## WORK TO COMPLETE
In the entries below, find the line with "Chilean flamingo Chilean flamingo 13370197" and the line with "amazing_pictures_of _flowers - V Amazing". Reproduce those two lines and every line between them exactly, and nothing more.

## STORED DATA
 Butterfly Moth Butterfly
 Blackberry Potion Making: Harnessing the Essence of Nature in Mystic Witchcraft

--

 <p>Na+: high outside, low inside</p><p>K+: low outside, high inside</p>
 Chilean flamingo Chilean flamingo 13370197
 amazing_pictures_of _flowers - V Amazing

## RESPONSE BOX
 Chilean flamingo Chilean flamingo 13370197
 amazing_pictures_of _flowers - V Amazing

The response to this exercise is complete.